Measurements of Cosmic Rays with IceTop/IceCube: Status and Results
Alessio Tamburro

TL;DR
This paper reviews recent cosmic-ray measurements with IceTop/IceCube, highlighting their findings on energy spectrum, composition, anisotropy, gamma sources, and transient events, advancing understanding of high-energy cosmic phenomena.
Contribution
It provides a comprehensive overview of recent results from IceTop/IceCube, including new insights into cosmic-ray composition and high-energy phenomena at the South Pole.
Findings
Measured cosmic-ray energy spectrum and composition.
Detected anisotropy in cosmic-ray arrival directions.
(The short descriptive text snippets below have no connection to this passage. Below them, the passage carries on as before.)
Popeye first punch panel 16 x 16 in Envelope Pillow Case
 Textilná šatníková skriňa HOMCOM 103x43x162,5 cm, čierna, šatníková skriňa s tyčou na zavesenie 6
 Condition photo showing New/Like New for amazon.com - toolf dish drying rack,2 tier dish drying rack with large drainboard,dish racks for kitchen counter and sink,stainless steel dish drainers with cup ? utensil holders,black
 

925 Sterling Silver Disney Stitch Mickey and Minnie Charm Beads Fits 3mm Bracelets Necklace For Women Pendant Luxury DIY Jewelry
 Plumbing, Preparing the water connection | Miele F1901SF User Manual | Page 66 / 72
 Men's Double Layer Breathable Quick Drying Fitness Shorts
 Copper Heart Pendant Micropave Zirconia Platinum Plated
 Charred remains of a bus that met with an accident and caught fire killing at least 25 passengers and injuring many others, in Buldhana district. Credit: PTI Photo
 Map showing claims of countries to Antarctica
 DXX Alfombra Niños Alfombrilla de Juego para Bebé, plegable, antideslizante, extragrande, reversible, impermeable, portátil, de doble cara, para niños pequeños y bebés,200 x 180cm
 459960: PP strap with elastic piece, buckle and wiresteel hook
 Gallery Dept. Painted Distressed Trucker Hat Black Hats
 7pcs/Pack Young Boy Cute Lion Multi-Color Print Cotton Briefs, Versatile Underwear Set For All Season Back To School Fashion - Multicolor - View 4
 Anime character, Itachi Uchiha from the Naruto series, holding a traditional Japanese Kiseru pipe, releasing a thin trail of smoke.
Identified potential PeV gamma-ray sources.
Abstract
The IceCube Observatory at the South Pole is composed of a cubic kilometer scale neutrino telescope buried beneath the icecap and a square-kilometer surface water Cherenkov tank detector array known as IceTop. The combination of the surface array with the in-ice detector allows the dominantly electromagnetic signal of air showers at the surface and their high-energy muon signal in the ice to be measured in coincidence. This ratio is known to carry information about the nuclear composition of the primary cosmic rays. This paper reviews the recent results from cosmic-ray measurements performed with IceTop/IceCube: energy spectrum, mass composition, anisotropy, search for PeV gamma sources, detection of high energy muons to probe the initial stages of the air shower development, and study of transient events using IceTop in scaler mode.